▶ _What you will do_
Return the entries in their entirety, precisely as given.

▶ _Exercise data_
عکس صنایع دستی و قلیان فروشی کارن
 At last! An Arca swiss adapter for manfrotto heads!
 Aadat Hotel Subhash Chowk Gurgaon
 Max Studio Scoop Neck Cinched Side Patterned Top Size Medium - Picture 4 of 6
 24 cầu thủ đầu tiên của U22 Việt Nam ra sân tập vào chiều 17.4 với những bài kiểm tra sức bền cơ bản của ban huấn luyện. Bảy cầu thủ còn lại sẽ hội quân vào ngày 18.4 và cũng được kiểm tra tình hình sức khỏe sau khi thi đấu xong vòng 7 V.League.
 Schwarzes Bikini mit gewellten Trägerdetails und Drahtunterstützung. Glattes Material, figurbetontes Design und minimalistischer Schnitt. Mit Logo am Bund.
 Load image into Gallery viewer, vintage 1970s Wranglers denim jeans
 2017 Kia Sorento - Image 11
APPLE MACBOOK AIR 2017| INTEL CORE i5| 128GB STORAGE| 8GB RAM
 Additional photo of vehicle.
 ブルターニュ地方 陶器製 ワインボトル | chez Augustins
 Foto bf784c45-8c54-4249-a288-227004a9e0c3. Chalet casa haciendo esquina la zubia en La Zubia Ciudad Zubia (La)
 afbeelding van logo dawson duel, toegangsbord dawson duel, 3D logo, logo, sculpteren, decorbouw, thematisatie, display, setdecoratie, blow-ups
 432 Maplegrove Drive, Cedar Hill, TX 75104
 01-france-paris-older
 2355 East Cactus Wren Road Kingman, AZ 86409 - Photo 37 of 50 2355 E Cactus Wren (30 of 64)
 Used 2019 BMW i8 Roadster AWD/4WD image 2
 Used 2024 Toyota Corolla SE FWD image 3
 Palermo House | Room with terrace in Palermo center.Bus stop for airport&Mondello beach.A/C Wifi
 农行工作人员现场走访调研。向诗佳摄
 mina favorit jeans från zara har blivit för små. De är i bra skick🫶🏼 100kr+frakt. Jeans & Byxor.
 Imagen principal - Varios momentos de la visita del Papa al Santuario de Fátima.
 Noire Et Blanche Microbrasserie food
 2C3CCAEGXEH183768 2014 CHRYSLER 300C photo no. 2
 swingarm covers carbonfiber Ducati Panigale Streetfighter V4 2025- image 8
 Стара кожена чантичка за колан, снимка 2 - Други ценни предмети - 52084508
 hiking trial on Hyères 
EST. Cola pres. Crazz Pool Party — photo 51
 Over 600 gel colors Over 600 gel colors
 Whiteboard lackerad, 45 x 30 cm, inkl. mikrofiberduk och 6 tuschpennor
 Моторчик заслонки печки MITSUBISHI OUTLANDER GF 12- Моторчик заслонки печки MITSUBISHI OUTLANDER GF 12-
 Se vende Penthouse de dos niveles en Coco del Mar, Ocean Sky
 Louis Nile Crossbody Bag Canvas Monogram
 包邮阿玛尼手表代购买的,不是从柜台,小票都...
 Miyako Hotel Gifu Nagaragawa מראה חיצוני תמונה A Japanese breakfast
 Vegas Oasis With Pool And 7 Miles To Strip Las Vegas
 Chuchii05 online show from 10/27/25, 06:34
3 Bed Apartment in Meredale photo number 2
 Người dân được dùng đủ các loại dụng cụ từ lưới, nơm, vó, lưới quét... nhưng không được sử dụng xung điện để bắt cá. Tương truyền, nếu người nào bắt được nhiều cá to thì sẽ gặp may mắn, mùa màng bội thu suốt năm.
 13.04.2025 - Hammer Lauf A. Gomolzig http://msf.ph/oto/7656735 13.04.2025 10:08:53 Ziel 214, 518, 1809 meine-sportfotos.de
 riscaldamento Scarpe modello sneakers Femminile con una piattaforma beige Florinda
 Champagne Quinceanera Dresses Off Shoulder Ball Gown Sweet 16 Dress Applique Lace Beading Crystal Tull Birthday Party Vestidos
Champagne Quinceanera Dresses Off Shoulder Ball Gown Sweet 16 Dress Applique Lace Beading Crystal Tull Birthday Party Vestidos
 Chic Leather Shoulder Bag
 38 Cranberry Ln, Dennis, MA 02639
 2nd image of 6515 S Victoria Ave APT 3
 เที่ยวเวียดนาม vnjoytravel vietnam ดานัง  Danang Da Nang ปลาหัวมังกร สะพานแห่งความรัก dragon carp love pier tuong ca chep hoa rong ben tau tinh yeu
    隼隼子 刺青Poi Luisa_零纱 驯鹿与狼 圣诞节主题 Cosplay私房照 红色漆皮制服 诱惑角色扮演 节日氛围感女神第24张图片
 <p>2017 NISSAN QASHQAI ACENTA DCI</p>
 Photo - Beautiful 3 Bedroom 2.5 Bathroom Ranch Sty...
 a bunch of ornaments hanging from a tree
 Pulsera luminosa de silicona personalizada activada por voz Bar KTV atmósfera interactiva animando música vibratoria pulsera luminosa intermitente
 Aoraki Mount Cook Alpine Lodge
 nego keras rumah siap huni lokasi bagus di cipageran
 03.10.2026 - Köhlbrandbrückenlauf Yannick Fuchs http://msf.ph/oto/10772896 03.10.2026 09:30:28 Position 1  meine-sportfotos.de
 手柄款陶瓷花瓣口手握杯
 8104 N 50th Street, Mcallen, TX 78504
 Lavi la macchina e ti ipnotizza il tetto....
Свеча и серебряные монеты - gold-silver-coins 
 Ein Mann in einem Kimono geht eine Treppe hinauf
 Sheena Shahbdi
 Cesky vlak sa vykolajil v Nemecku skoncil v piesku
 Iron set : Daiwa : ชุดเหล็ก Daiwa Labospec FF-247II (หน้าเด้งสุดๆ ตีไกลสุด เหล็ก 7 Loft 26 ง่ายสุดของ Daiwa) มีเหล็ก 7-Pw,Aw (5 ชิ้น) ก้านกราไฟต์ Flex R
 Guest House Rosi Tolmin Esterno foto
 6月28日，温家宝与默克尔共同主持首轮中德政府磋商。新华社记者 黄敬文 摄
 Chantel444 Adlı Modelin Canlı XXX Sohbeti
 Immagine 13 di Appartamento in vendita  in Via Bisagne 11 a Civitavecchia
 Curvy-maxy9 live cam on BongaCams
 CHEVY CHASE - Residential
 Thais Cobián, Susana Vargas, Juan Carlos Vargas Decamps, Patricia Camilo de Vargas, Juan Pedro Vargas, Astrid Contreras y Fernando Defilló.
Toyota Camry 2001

▶ _Completed task_
عکس صنایع دستی و قلیان فروشی کارن
 At last! An Arca swiss adapter for manfrotto heads!
 Aadat Hotel Subhash Chowk Gurgaon
 Max Studio Scoop Neck Cinched Side Patterned Top Size Medium - Picture 4 of 6
 24 cầu thủ đầu tiên của U22 Việt Nam ra sân tập vào chiều 17.4 với những bài kiểm tra sức bền cơ bản của ban huấn luyện. Bảy cầu thủ còn lại sẽ hội quân vào ngày 18.4 và cũng được kiểm tra tình hình sức khỏe sau khi thi đấu xong vòng 7 V.League.
 Schwarzes Bikini mit gewellten Trägerdetails und Drahtunterstützung. Glattes Material, figurbetontes Design und minimalistischer Schnitt. Mit Logo am Bund.
 Load image into Gallery viewer, vintage 1970s Wranglers denim jeans
 2017 Kia Sorento - Image 11
APPLE MACBOOK AIR 2017| INTEL CORE i5| 128GB STORAGE| 8GB RAM
 Additional photo of vehicle.
 ブルターニュ地方 陶器製 ワインボトル | chez Augustins
 Foto bf784c45-8c54-4249-a288-227004a9e0c3. Chalet casa haciendo esquina la zubia en La Zubia Ciudad Zubia (La)
 afbeelding van logo dawson duel, toegangsbord dawson duel, 3D logo, logo, sculpteren, decorbouw, thematisatie, display, setdecoratie, blow-ups
 432 Maplegrove Drive, Cedar Hill, TX 75104
 01-france-paris-older
 2355 East Cactus Wren Road Kingman, AZ 86409 - Photo 37 of 50 2355 E Cactus Wren (30 of 64)
 Used 2019 BMW i8 Roadster AWD/4WD image 2
 Used 2024 Toyota Corolla SE FWD image 3
 Palermo House | Room with terrace in Palermo center.Bus stop for airport&Mondello beach.A/C Wifi
 农行工作人员现场走访调研。向诗佳摄
 mina favorit jeans från zara har blivit för små. De är i bra skick🫶🏼 100kr+frakt. Jeans & Byxor.
 Imagen principal - Varios momentos de la visita del Papa al Santuario de Fátima.
 Noire Et Blanche Microbrasserie food
 2C3CCAEGXEH183768 2014 CHRYSLER 300C photo no. 2
 swingarm covers carbonfiber Ducati Panigale Streetfighter V4 2025- image 8
 Стара кожена чантичка за колан, снимка 2 - Други ценни предмети - 52084508
 hiking trial on Hyères 
EST. Cola pres. Crazz Pool Party — photo 51
 Over 600 gel colors Over 600 gel colors
 Whiteboard lackerad, 45 x 30 cm, inkl. mikrofiberduk och 6 tuschpennor
 Моторчик заслонки печки MITSUBISHI OUTLANDER GF 12- Моторчик заслонки печки MITSUBISHI OUTLANDER GF 12-
 Se vende Penthouse de dos niveles en Coco del Mar, Ocean Sky
 Louis Nile Crossbody Bag Canvas Monogram
 包邮阿玛尼手表代购买的,不是从柜台,小票都...
 Miyako Hotel Gifu Nagaragawa מראה חיצוני תמונה A Japanese breakfast
 Vegas Oasis With Pool And 7 Miles To Strip Las Vegas
 Chuchii05 online show from 10/27/25, 06:34
3 Bed Apartment in Meredale photo number 2
 Người dân được dùng đủ các loại dụng cụ từ lưới, nơm, vó, lưới quét... nhưng không được sử dụng xung điện để bắt cá. Tương truyền, nếu người nào bắt được nhiều cá to thì sẽ gặp may mắn, mùa màng bội thu suốt năm.
 13.04.2025 - Hammer Lauf A. Gomolzig http://msf.ph/oto/7656735 13.04.2025 10:08:53 Ziel 214, 518, 1809 meine-sportfotos.de
 riscaldamento Scarpe modello sneakers Femminile con una piattaforma beige Florinda
 Champagne Quinceanera Dresses Off Shoulder Ball Gown Sweet 16 Dress Applique Lace Beading Crystal Tull Birthday Party Vestidos
Champagne Quinceanera Dresses Off Shoulder Ball Gown Sweet 16 Dress Applique Lace Beading Crystal Tull Birthday Party Vestidos
 Chic Leather Shoulder Bag
 38 Cranberry Ln, Dennis, MA 02639
 2nd image of 6515 S Victoria Ave APT 3
 เที่ยวเวียดนาม vnjoytravel vietnam ดานัง  Danang Da Nang ปลาหัวมังกร สะพานแห่งความรัก dragon carp love pier tuong ca chep hoa rong ben tau tinh yeu
    隼隼子 刺青Poi Luisa_零纱 驯鹿与狼 圣诞节主题 Cosplay私房照 红色漆皮制服 诱惑角色扮演 节日氛围感女神第24张图片
 <p>2017 NISSAN QASHQAI ACENTA DCI</p>
 Photo - Beautiful 3 Bedroom 2.5 Bathroom Ranch Sty...
 a bunch of ornaments hanging from a tree
 Pulsera luminosa de silicona personalizada activada por voz Bar KTV atmósfera interactiva animando música vibratoria pulsera luminosa intermitente
 Aoraki Mount Cook Alpine Lodge
 nego keras rumah siap huni lokasi bagus di cipageran
 03.10.2026 - Köhlbrandbrückenlauf Yannick Fuchs http://msf.ph/oto/10772896 03.10.2026 09:30:28 Position 1  meine-sportfotos.de
 手柄款陶瓷花瓣口手握杯
 8104 N 50th Street, Mcallen, TX 78504
 Lavi la macchina e ti ipnotizza il tetto....
Свеча и серебряные монеты - gold-silver-coins 
 Ein Mann in einem Kimono geht eine Treppe hinauf
 Sheena Shahbdi
 Cesky vlak sa vykolajil v Nemecku skoncil v piesku
 Iron set : Daiwa : ชุดเหล็ก Daiwa Labospec FF-247II (หน้าเด้งสุดๆ ตีไกลสุด เหล็ก 7 Loft 26 ง่ายสุดของ Daiwa) มีเหล็ก 7-Pw,Aw (5 ชิ้น) ก้านกราไฟต์ Flex R
 Guest House Rosi Tolmin Esterno foto
 6月28日，温家宝与默克尔共同主持首轮中德政府磋商。新华社记者 黄敬文 摄
 Chantel444 Adlı Modelin Canlı XXX Sohbeti
 Immagine 13 di Appartamento in vendita  in Via Bisagne 11 a Civitavecchia
 Curvy-maxy9 live cam on BongaCams
 CHEVY CHASE - Residential
 Thais Cobián, Susana Vargas, Juan Carlos Vargas Decamps, Patricia Camilo de Vargas, Juan Pedro Vargas, Astrid Contreras y Fernando Defilló.
Toyota Camry 2001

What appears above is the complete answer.